Selinexor (KPT-330), which is the first drug in a new class of agents known as selective inhibitor of nuclear export compounds, may be helpful in treating patients with relapsed and refractory multiple myeloma, according to researchers at the Moffitt Cancer Center in Tampa.
They presented results from a phase 1 study of selinexor in combination with liposomal doxorubicin and dexamethasone in 13 patients with relapsed and refractory multiple myeloma at the 2016 American Society of Clinical Oncology (ASCO) Annual Meeting, June 6, 2016, in Chicago (abstract 8013).
Selinexor is a first-in-class inhibitor of XPO1 and it has demonstrated activity in clinical trials for hematologic malignancies. Selinexor inhibits DNA damage repair. It works by trapping tumor suppressor proteins inside cancer cells, which causes them to die or stop growing. Preclinical studies have shown that selinexor is synergistic in combination with doxorubicin in mouse models of multiple myeloma.

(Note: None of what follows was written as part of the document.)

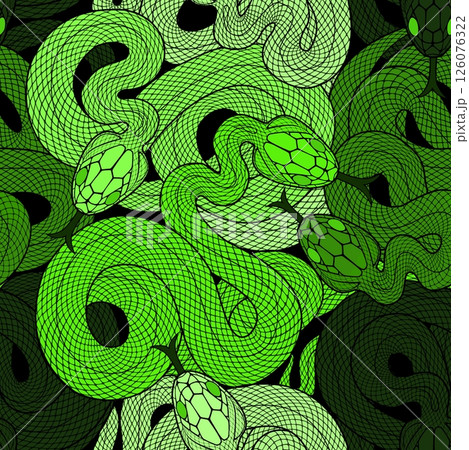 Seamless graphic wallpaper with snakes. Endless linear ornament with reptiles. 126076322
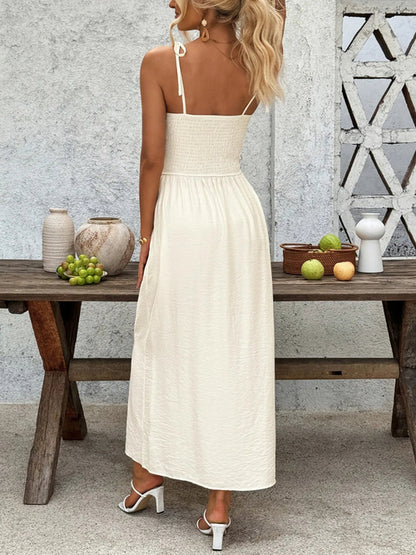 Robe à Boutons avec Bretelles à Nouer – Taille Élastique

The goals of the phase 1 trial were to determine the maximum tolerated dose and the recommended phase 2 dose for selinexor, liposomal doxorubicin and dexamethasone in patients with relapsed and refractory multiple myeloma who received two or more prior therapies including lenalidomide and a proteasome inhibitor. In addition to the induction phase, treatment includes a loading phase and a maintenance phase both consisting of selinexor and dexamethasone only.

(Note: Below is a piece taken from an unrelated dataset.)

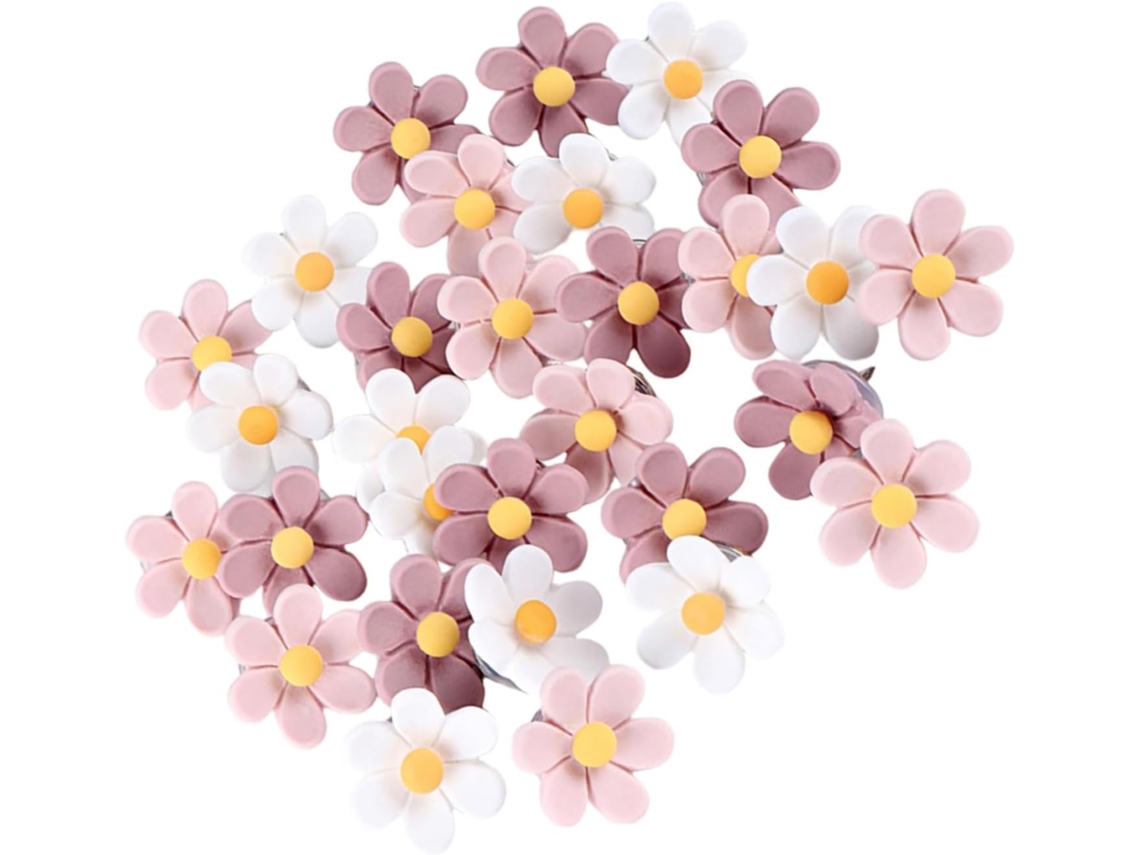 Alfinetes De Parede Tridimensionais Em Formato Flor Da Amosfun, Design Realista, 50 Peças De Plástico E Metal Para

Study investigator Rachid Baz, MD, who is an associate member of the Malignant Hematology Department at Moffitt, presented the results with 13 patients (median age of 59 years) who had a median of six prior lines (range: 2-9). The study showed no dose-limiting toxicities in dose level 1; however, two patients experienced dose-limiting toxicities on dose level 2. They suffered grade 4 thrombocytopenia and grade 3 nausea. In this study, the loading phase was shortened to 1 dose of selinexor (80mg) on day 7 and one out of the three patients experienced dose-limiting toxicities (grade 3 hyponatremia).
The study showed that the most common grade 3/4 toxicities were hyponatremia (54%), anemia (45%), thrombocytopenia (54%), and neutropenia (54%). In addition, other common grade 3/4 toxicities included diarrhea (18%), vomiting (27%), hyperglycemia (18%), and fatigue (18%).

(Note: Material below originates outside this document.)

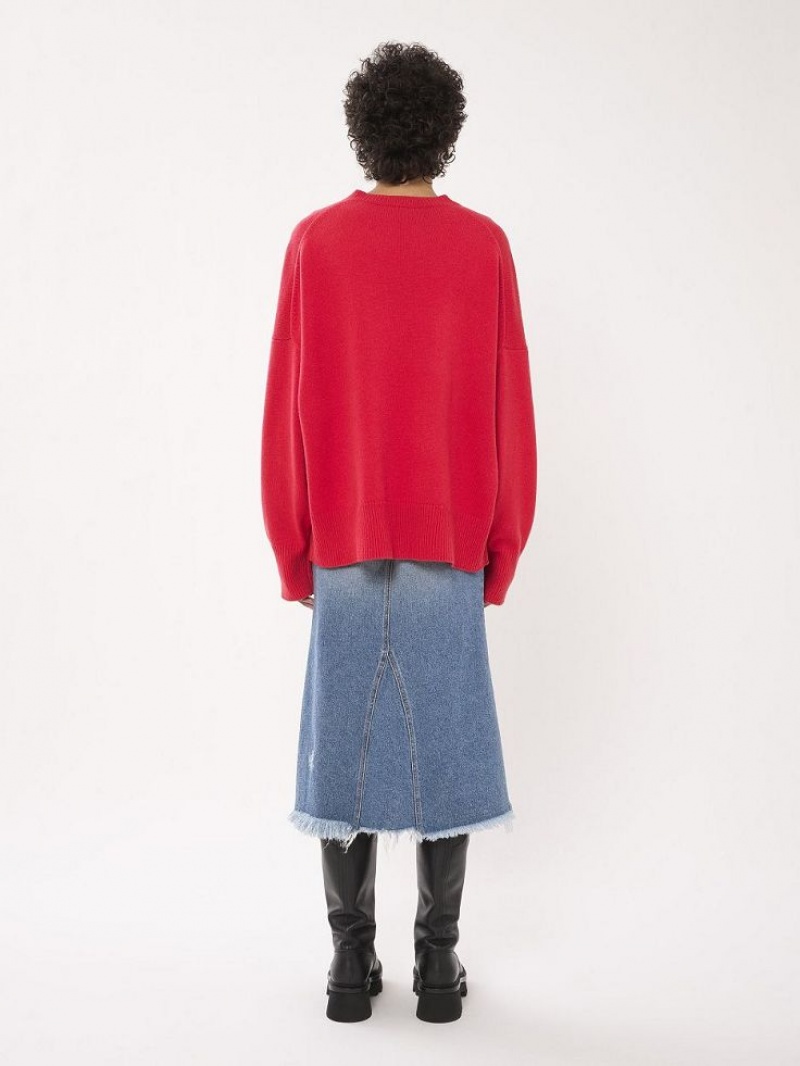 Dzianina Chloe Generous Crew-neck Różowe | CHE-SR13954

The researchers were able to evaluate 10 of the 13 patients for response. They found two patients achieved a very good partial response, two achieved a partial response, and two a minimal response. The remaining four had no response.
The investigators concluded that these preliminary responses in heavily pretreated patients support the continued investigation of this agent in patients with relapsed and refractory multiple myeloma.